Facebook, which also owns Instagram, at least temporarily suspended Trump’s accounts after his supporters stormed the Capitol. CEO Mark Zuckerberg wrote in a post on Thursday that “we believe the risks of allowing the president to continue to use our service during this period are simply too great. Therefore, we are extending the block we have placed on his Facebook and Instagram accounts indefinitely and for at least the next two weeks until the peaceful transition of power is complete.”
Free Press co-CEO and Change the Terms co-founder Jessica J. González also urged other companies to permanently ban Trump.

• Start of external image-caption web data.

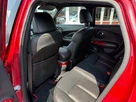 2015-nissan-juke-12-tekna-small-40
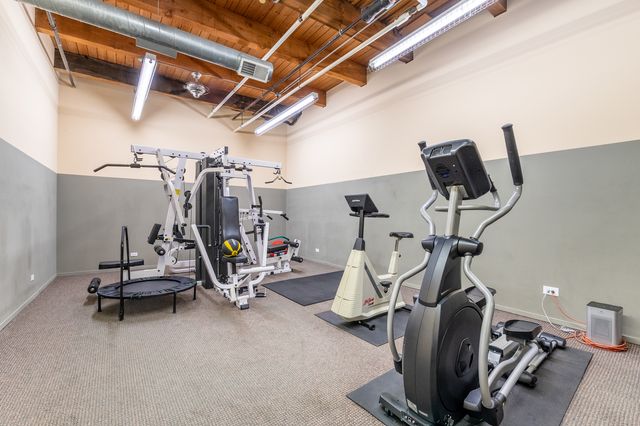 625 W Jackson Boulevard 606, Chicago, IL 60661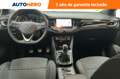 Opel Astra 1.4T S/S GSi Line 150 Negro - thumbnail 12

She called Twitter’s decision “a day late and a dollar short” but also “a victory for racial justice advocates who have long condemned his continued abuse of the platform.”
“From the launch of his presidential campaign when he defamed Mexicans as rapists, criminals, and drug dealers, to the desperate last gasps of his presidency as he has egged on white supremacists to commit violence and insurrection,” she said, “Trump had used his Twitter account to incite violence, lie about the election outcome, encourage racists, and spread conspiracy theories.”
While Twitter’s decision to ban Trump provoked broader critiques of the power wielded by social media companies and concerns that—as Chicago Sun-Times reporter Nader Issa put it—”at this point, so late in the game, the only effect might be to add fuel to the fire,” the move was also widely celebrated on the platform:
Bridget Todd, communications director at UltraViolet, a leading national women’s organization, released a concise statement: “In the words of Beyoncé: BOY BYE. This was long overdue.”
Angelo Carusone, president of the watchdog group Media Matters for America, agreed that suspension was “long past due and appropriate” but added that “Twitter (and other platforms) doing this now is a lot like senior administration officials resigning with only days left—too little too late.”
Before Twitter’s announcement on Friday, Timothy Karr, the senior director of strategy for Free Press Action Fund, wrote for Common Dreams that his organization, as a founding member of the Change the Terms and Stop Hate for Profit coalitions, “has called on these platforms to take more concrete actions.”
As Karr detailed:
Those steps include hiring a C-Suite-level executive with civil rights expertise to evaluate company products with regard to bias and hate; and submitting to regular and transparent third-party audits of their responses to identity-based hate and misinformation. We’ve met repeatedly and face to face with these platforms’ executives to make our case and recommend essential changes to their terms of service.
Their responses have been inadequate—half-measures meant to give them a PR victory while accomplishing very little to stem the white supremacy coursing across their networks.
“Wednesday’s violence, as much as anything, is proof of this failure,” he added. “These tech giants must immediately ban Trump and his racist enablers from all of their services.”